Samples for GC-MS/MS analysis were derivatised prior to analysis as described previously [9] using an adaptation of the methyl chloroformate derivatisation protocol [38,39]. Analysis was performed on an Agilent 7890A GC – 7000 triple-quadrupole MS interfaced with a chemical ionisation (CI) ion source based on a previously described MS/MS method [40]. The GC method was as described previously [9], with the exception that the injected volume was increased from 1 μL to 3 μL. The MS method used positive CI with methane as the reagent gas and nitrogen as the collision gas. MRM-transitions to account for all mass isotopomers of the 14 detected compounds (central carbon metabolism metabolites and amino acids) were included in the fluxomics models. A list of all MRM-transitions and accompanying GC-MS/MS-settings can be found in Additional file 4.
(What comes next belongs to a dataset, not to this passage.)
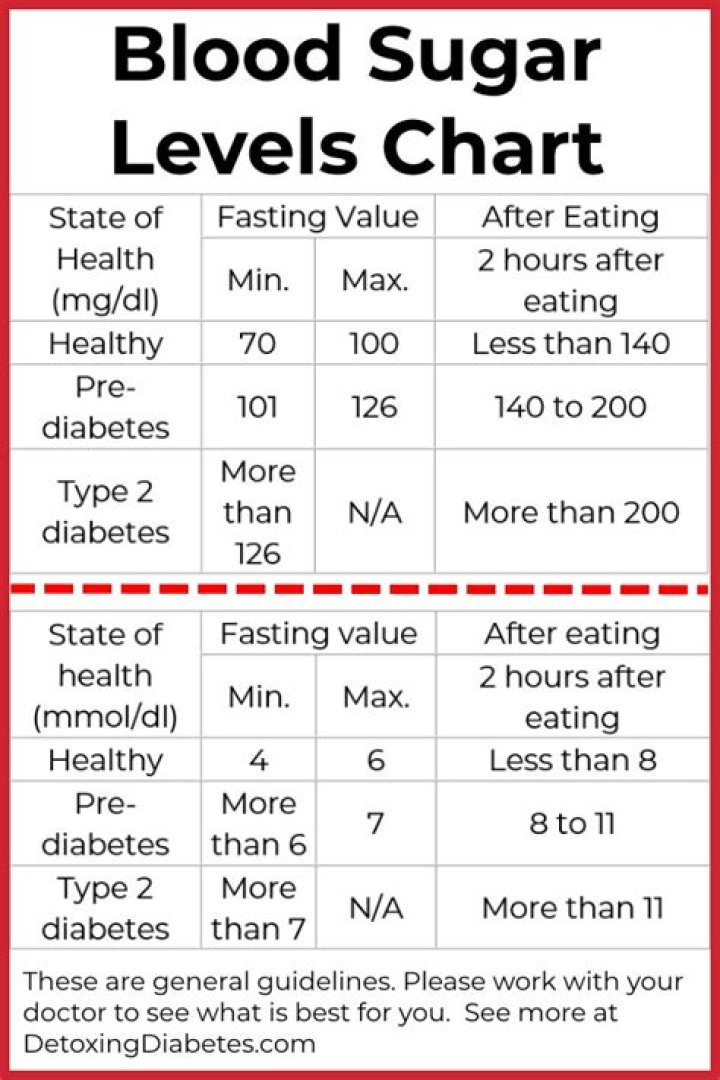 What is sugar level in fasting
The resulting mass isotopomer fractions are listed in Additional file 5. Average relative standard deviations (STD) for the mass isotopomers are calculated from the biological replicates for the estimation of intracellular fluxes. The obtained LC-MS/MS STD values were 13% for the wild-type experimental design cultivation, and 10% and 8% for the main experiment cultivations on wild type and mucA-ΔalgC, respectively. For mass isotopomers detected by the GC-MS/MS method, these STD values were 10%, 12% and 15%, respectively.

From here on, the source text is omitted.